WORK INSTRUCTIONS
In the copy, every line of the material that follows must appear exactly, and no pictures should.

RECORDS

● ● ●

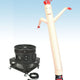18' Inflatable Tube Man with Blower - Standard White
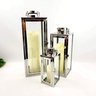 Lanterna Decorativa Marroquina Prata Inox 50/38/25cm Kit 3pc - 2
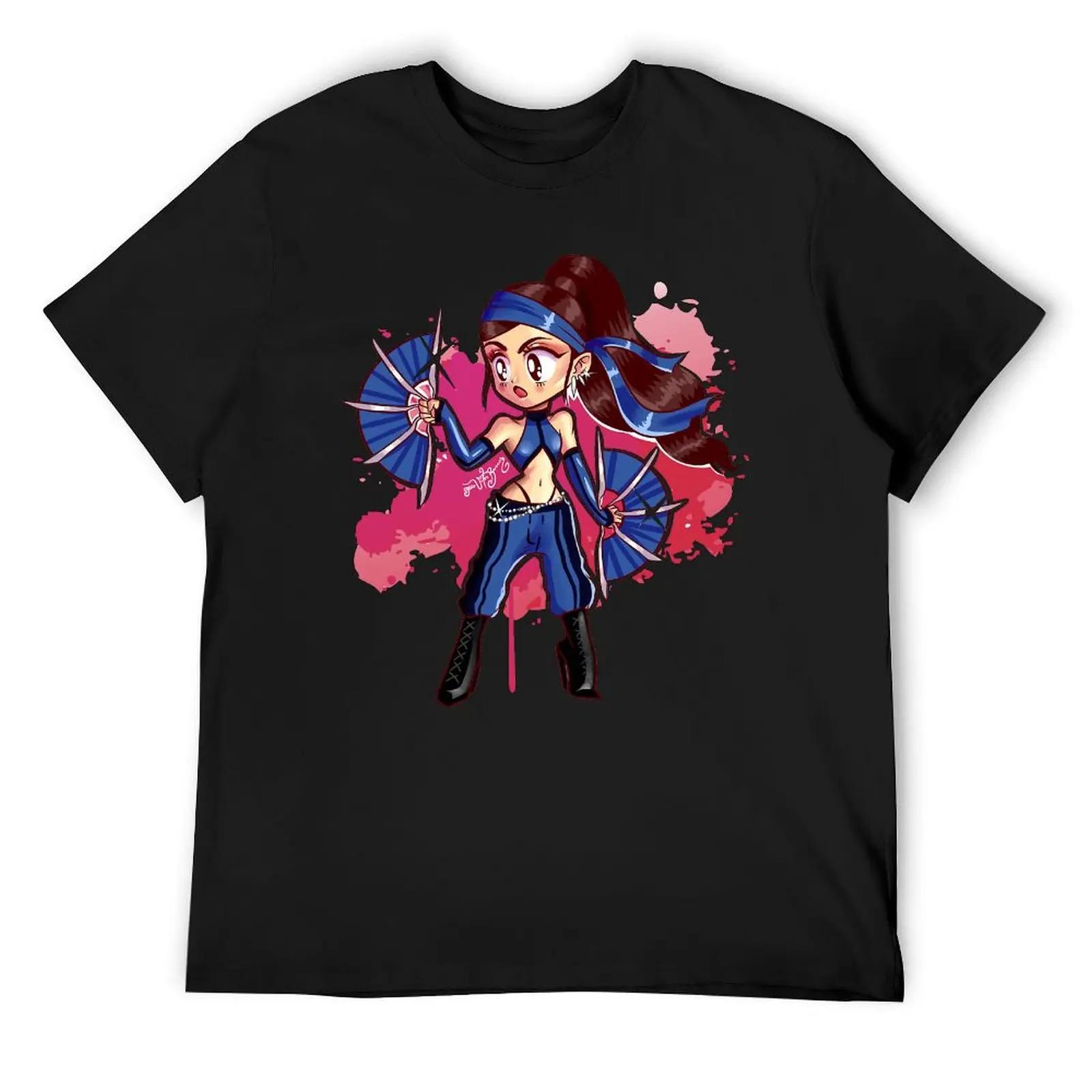 

Harajuku Princess Kitana (Mortal Kombat For Sale B T-shirt Motion Tees Creative Funny Sarcastic Fitness Eur Size XXXXXL белый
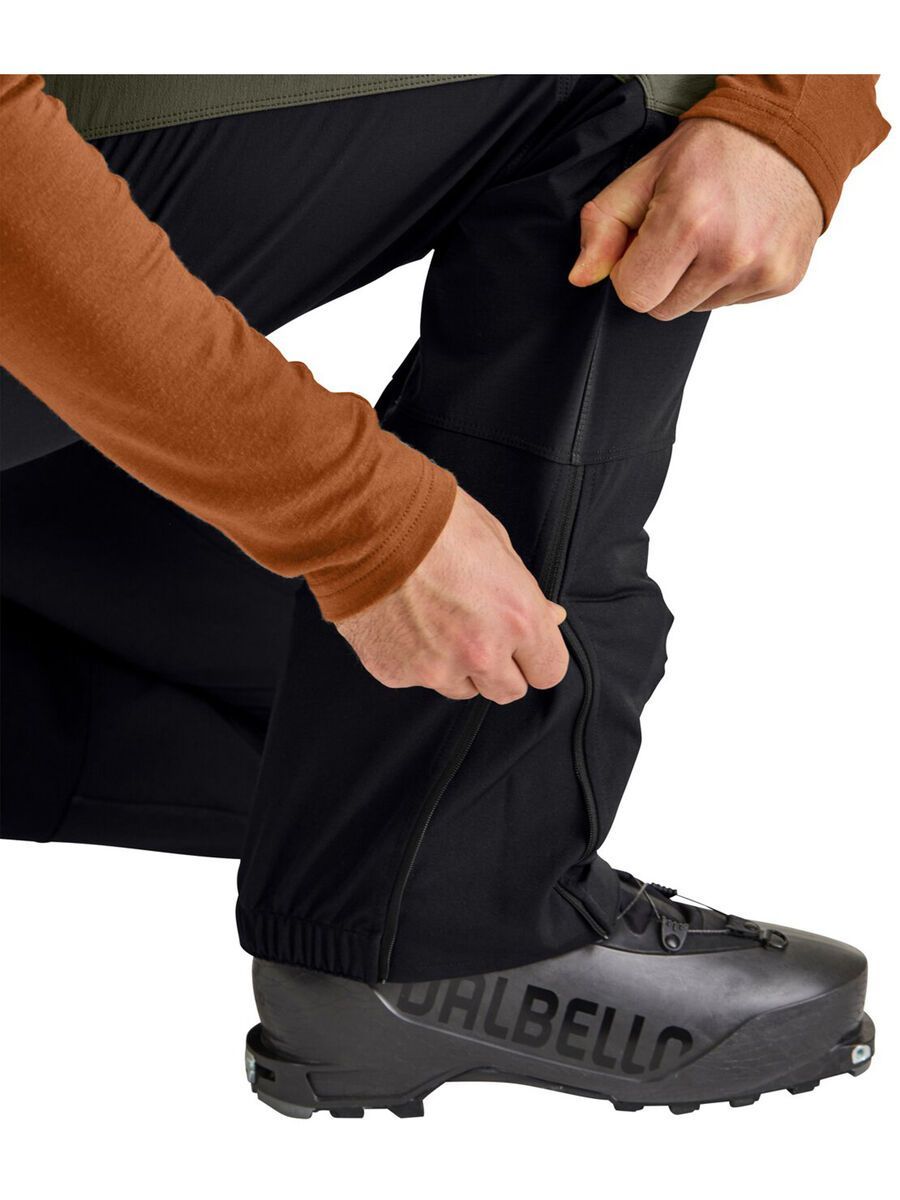 Ortovox Merino Airsolation Punta Berrino Pants M, black raven - Bild 5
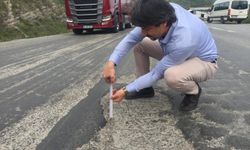 YOLLAR KÖSTEBEK YUVASI, METRE İLE DERİNLİĞİ ÖLÇTÜ
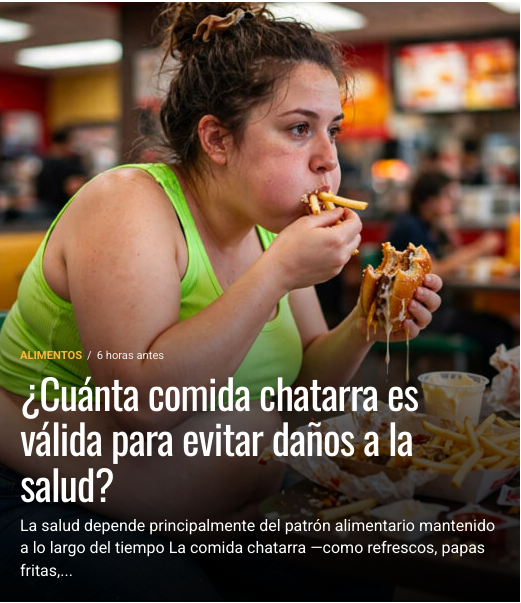 gastromakers's tweet photo. Leer post🔗 👉 https://t.co/bu6k31oSfH
La salud depende principalmente del patrón alimentario mantenido a lo largo del tiempo. #gastromakers #salud #comida #comidachatarra https://t.co/TULAPFTxjN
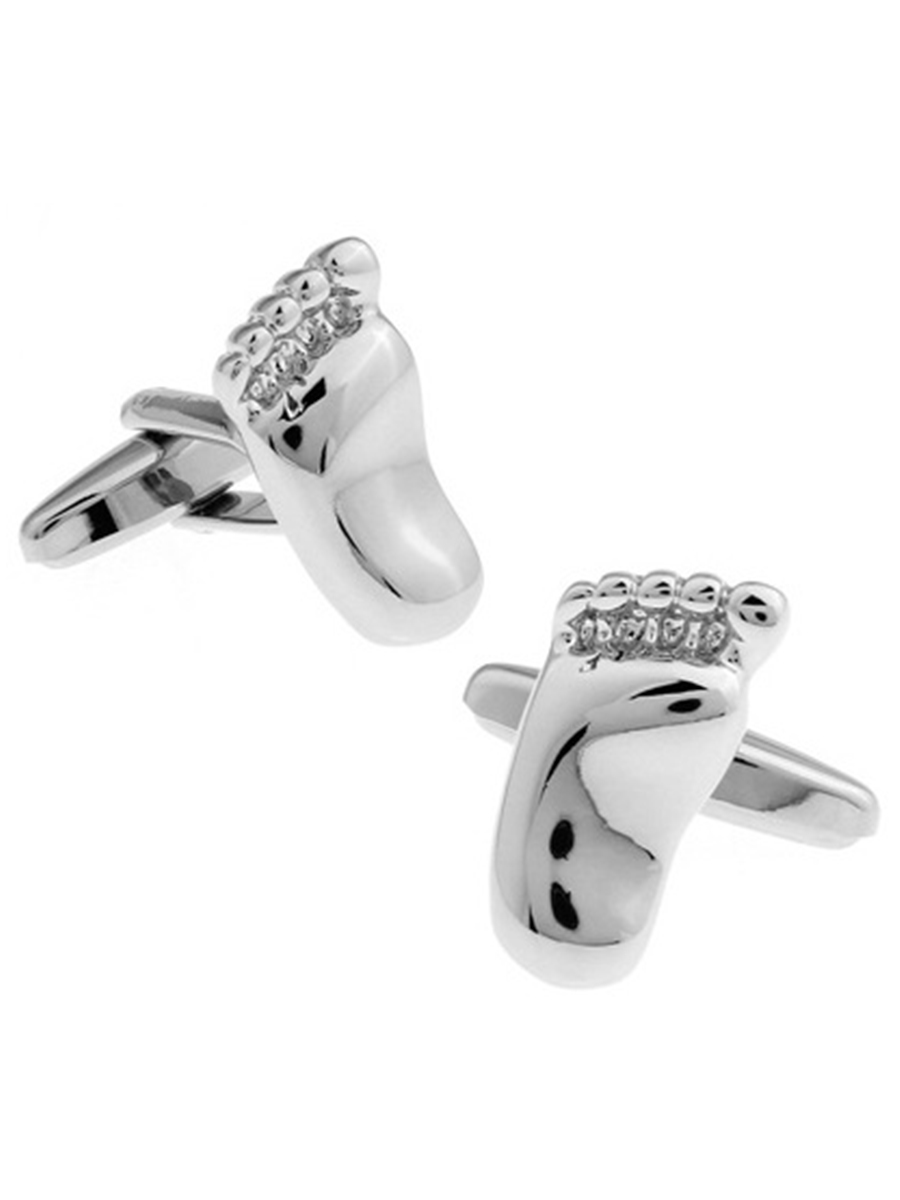 Запонки пяточки, Материал: Ювелирная сталь 316L, Цвет: Стальной (серебристый), Размеры: 20 мм х 9 мм, общая длина 24 мм, ножка 19 мм, вес: 10 гр., подарочная упаковка бесплатно.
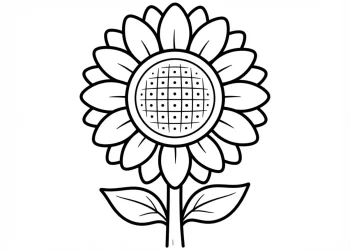 Sunflower Coloring Pages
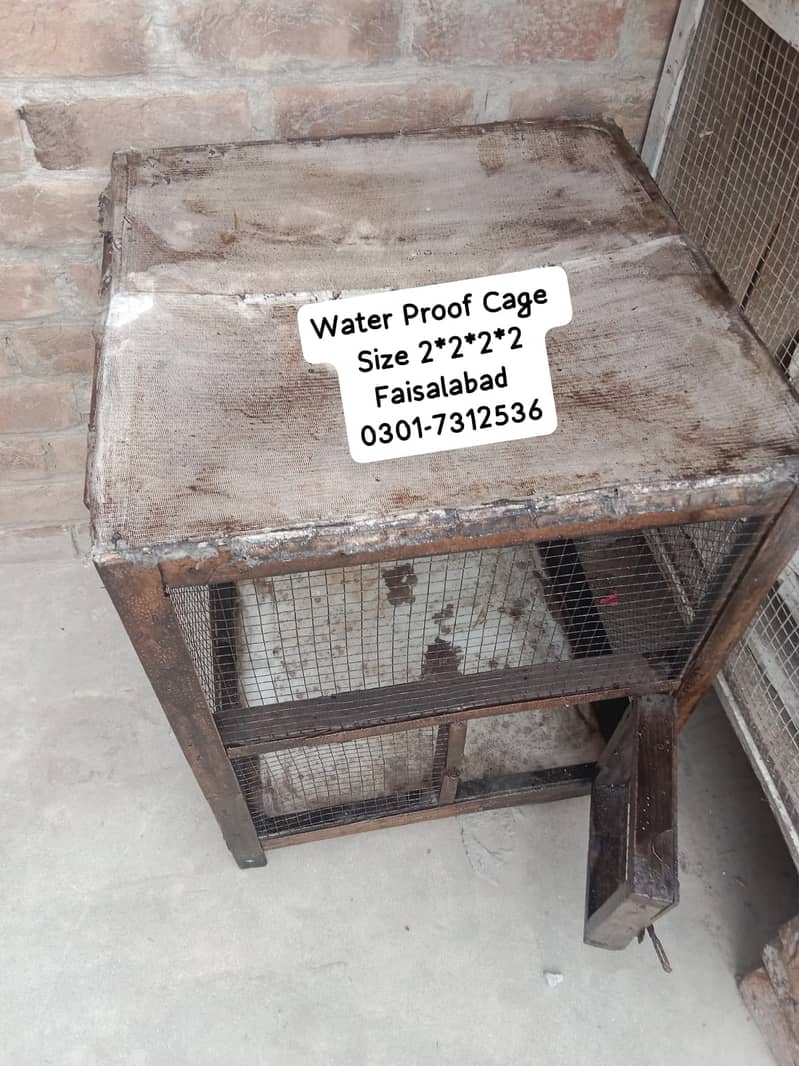 لکڑی کا مضبوط کیج کھوڈا 4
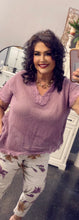 Faded Grape Mesh frayed Top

● ● ●

SOLUTION TO THIS PROBLEM
18' Inflatable Tube Man with Blower - Standard White
 Lanterna Decorativa Marroquina Prata Inox 50/38/25cm Kit 3pc - 2

Harajuku Princess Kitana (Mortal Kombat For Sale B T-shirt Motion Tees Creative Funny Sarcastic Fitness Eur Size XXXXXL белый
 Ortovox Merino Airsolation Punta Berrino Pants M, black raven - Bild 5
 YOLLAR KÖSTEBEK YUVASI, METRE İLE DERİNLİĞİ ÖLÇTÜ
 gastromakers's tweet photo. Leer post🔗 👉 https://t.co/bu6k31oSfH
La salud depende principalmente del patrón alimentario mantenido a lo largo del tiempo. #gastromakers #salud #comida #comidachatarra https://t.co/TULAPFTxjN
 Запонки пяточки, Материал: Ювелирная сталь 316L, Цвет: Стальной (серебристый), Размеры: 20 мм х 9 мм, общая длина 24 мм, ножка 19 мм, вес: 10 гр., подарочная упаковка бесплатно.
 Sunflower Coloring Pages
 لکڑی کا مضبوط کیج کھوڈا 4
 Faded Grape Mesh frayed Top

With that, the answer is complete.